Re: [basex-talk] Encoding hassle ....

2022-06-13 Thread Marco Lettere

Thank you very much.

We'll give it a try ASAP.

M.

On 13/06/22 16:45, Christian Grün wrote:

If the content of a file is written to another file without
intermediate steps, it is streamed and consumes constant memory. The
implementation for streaming the data was deficient.


Re: [basex-talk] Encoding hassle ....

2022-06-13 Thread Christian Grün
Hi Marco,

If the content of a file is written to another file without
intermediate steps, it is streamed and consumes constant memory. The
implementation for streaming the data was deficient.

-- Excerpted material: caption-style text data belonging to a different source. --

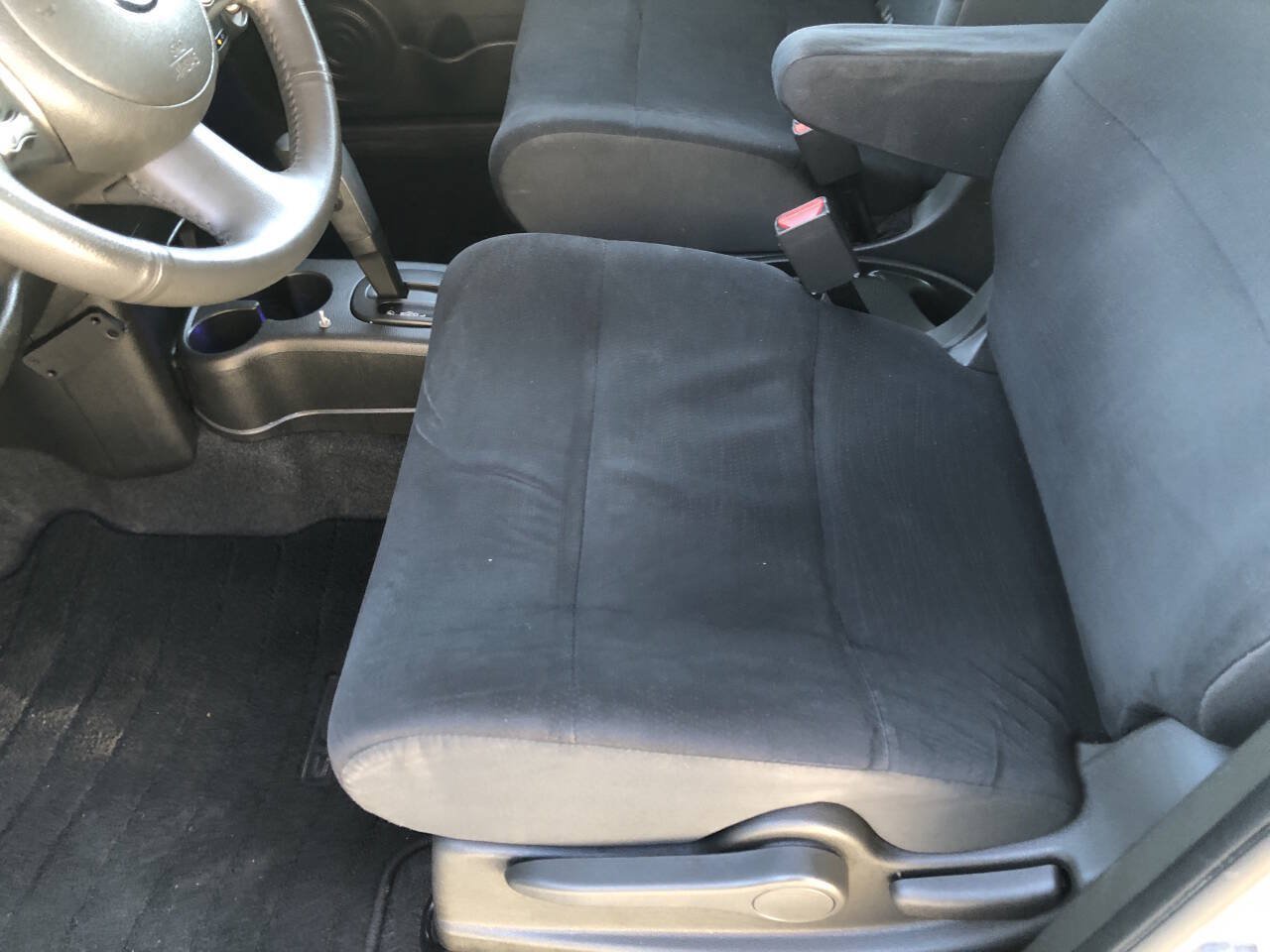 Used 2010 Nissan Cube 1.8 S w/ Interior Designer Pkg FWD image 12
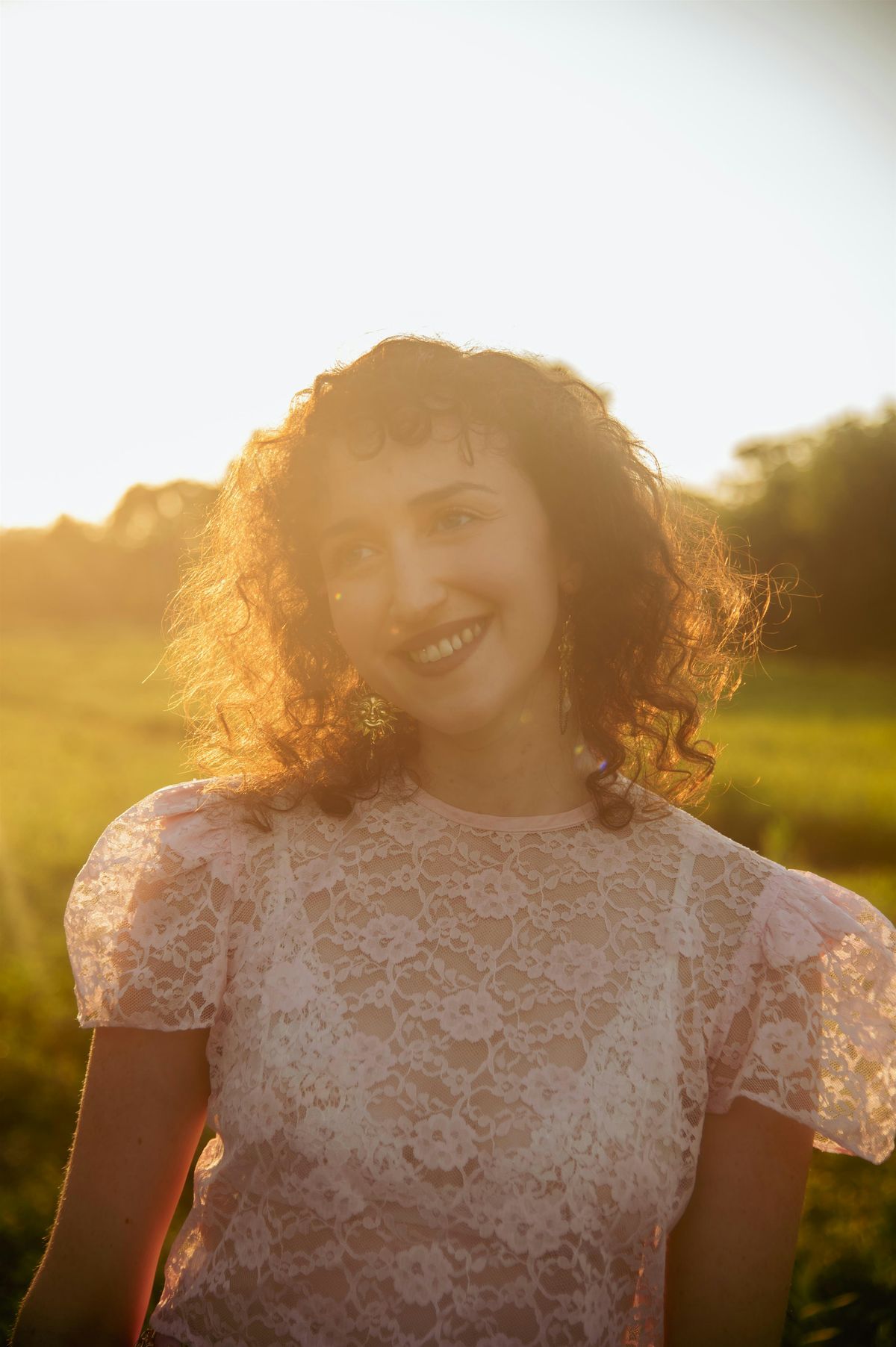 Indie Folk\/Pop Artist Olivia Frances LIVE at Logan Street Market!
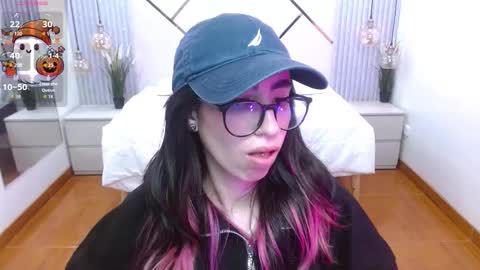 Lena online show from 10-18-25, 08:53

The bug has been fixed; a new snapshot is available [1,2].

Grazie e ciao,
Christian

[1] https://github.com/BaseXdb/basex/issues/2117
[2] https://files.basex.org/releases/latest/


On Fri, May 27, 2022 at 11:40 PM Marco Lettere  wrote:
>
> Oh yes thanks. Forgot to mention this. Forcing utf8 doesn't help.
>
> Il ven 27 mag 2022, 19:26 Bridger Dyson-Smith  ha 
> scritto:
>>
>> Marco -
>> I'm sorry but I can only corroborate your findings, and that trying to force 
>> UTF-8 by adding the encoding parameter to the functions doesn't seem to 
>> help; e.g.
>>
>> ) ./bin/basex
>> BaseX 9.7.1 [Standalone]
>> Try 'help' to get more information.
>> > xquery file:current-dir()
>> /usr/home/bridger/bin/basex/
>> Query executed in 886.62 ms.
>> > xquery file:write-text("a1.txt", "°" || out:nl(), "UTF-8")
>>
>> Query executed in 4.32 ms.
>> > xquery file:read-text("a1.txt")
>> °
>>
>> Query executed in 1.99 ms.
>> > xquery file:write-text("a2.txt", file:read-text("a1.txt", "UTF-8"), 
>> > "UTF-8")
>>
>> Query executed in 1.83 ms.
>> > xquery file:read-text("a2.txt")
>> [file:io-error] Decoding error: xb0
>> > xquery file:read-text("a2.txt", "UTF-8")
>> [file:io-error] Decoding error: xb0
>> > xquery file:read-text("a2.txt", "ISO-8859-1")
>> °
>>
>> Query executed in 2.01 ms.
>>
>> On Fri, May 27, 2022 at 1:00 PM Marco Lettere  wrote:
>>>
>>> Dear all,
>>>
>>> after wrapping our heads around this for hours today, we don't know how
>>> to get rid of this inconsistency. Thus I ask for help ...
>>>
>>> SSCE:
>>>
>>> BaseX 9.6.4 [Standalone]
>>> Try 'help' to get more information.
>>>  > xquery file:write-text("a1.txt", "°" || out:nl()) (: Same with
>>> codepoints-to-string(176) instead of "°" :)
>>>
>>> Query executed in 183.94 ms.
>>>  > xquery file:read-text("a1.txt")
>>> °
>>>
>>> Query executed in 1.49 ms.
>>>  > xquery file:write-text("a2.txt", file:read-text("a1.txt"))
>>> Query executed in 3.4 ms.
>>>
>>>  > xquery file:read-text("a2.txt")
>>> [file:io-error] Decoding error: xb0
>>>
>>> Testing the files with linux command-line tool "file", this is the output:
>>>
>>>  > file a1.txt
>>> a1.txt: Unicode text, UTF-8 text
>>>
>>>  > file a2.txt
>>> a2.txt: ISO-8859 text
>>>
>>> Reading the file after "copying" it seems to change the encoding. How is
>>> this supposed to be handled?
>>>
>>> Regards,
>>>
>>> Marco.
>>>


Re: [basex-talk] Encoding hassle ....

2022-05-27 Thread Marco Lettere
Oh yes thanks. Forgot to mention this. Forcing utf8 doesn't help.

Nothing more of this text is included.